While we were there, we saw people picnicking on the outskirts of the cemetery and participating in haunted tours. We overheard tour guides talking about the terrifying rash of grave robbing that terrorized Edinburgh during the early 1800s when the town’s medical school was one of the largest draws in the area. The medical students required cadavers for direction to study anatomy while writing textbooks or acquiring their medical licenses, and as such, grave robbers took it upon themselves to pillage the graves of the wealthy occupants of Greyfriars Kirkyard and sell them to the school under the table, which led families to build gates around many of the tombstones and mausoleums. When gates made grave robbing too challenging, grave robbers then took to murdering visitors to the graveyard, or unsuspecting passersby to meet the body count necessary to fuel the medical school’s thirst for corpses. As a result, it is believed by some that this graveyard is haunted by the souls of the dead who we’re not allowed to rest in peace, making it one of Britain’s most haunted places.

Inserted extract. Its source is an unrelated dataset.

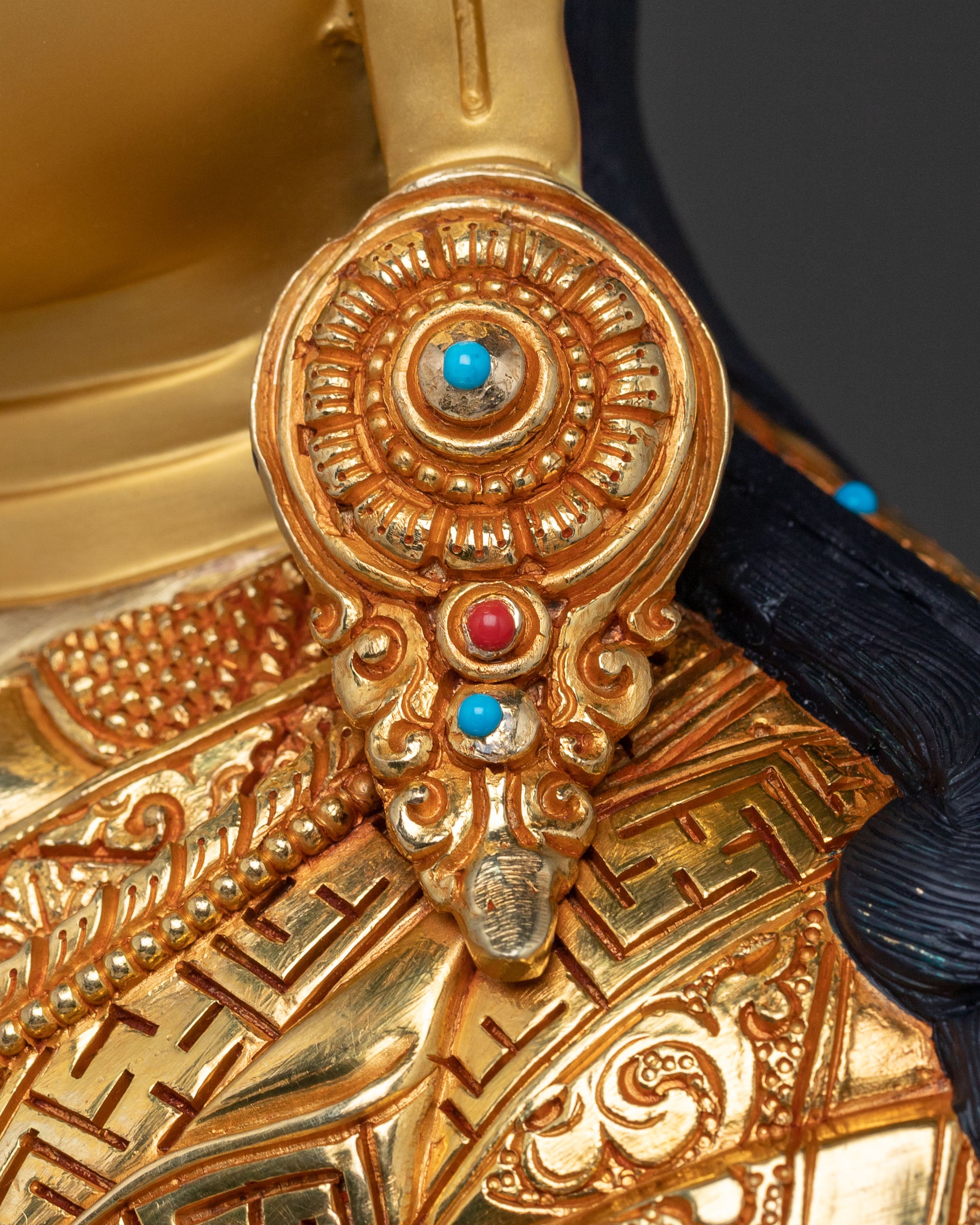 Guru Rinpoche Traditional Statue | Spiritual Altar Decor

One of the tour guides that passed by mentioned that she stopped giving tours at night after she was wrapping up a tour and was walking alone through the cemetery when she was violently shoved down for behind, which caused her to break her arm. When she looked around, there was no one around, and yet she had two hand shaped bruises on her back the day after the supposed spectral assault. While neither my husband nor I believe in ghosts, her story and the sincere tone of her voice with which she told her tale to her captive audience when warning them about visiting at night sent shivers down my spine.
Similar tales of spooky spectral sightings, violent assaults when seemingly no one else was around, and even tales of a loyal pet dog who slept on his owners grave everyday for 13 years until his eventual death have all earned Greyfriars Kirkyard such a haunting reputation. Whether you find cemeteries like this one to simply be hauntingly beautiful or believe them to be truly haunted, Greyfriars Kirkyard played in important part in Edinburgh Old Town’s history and is definitely worth a visit when in Edinburgh.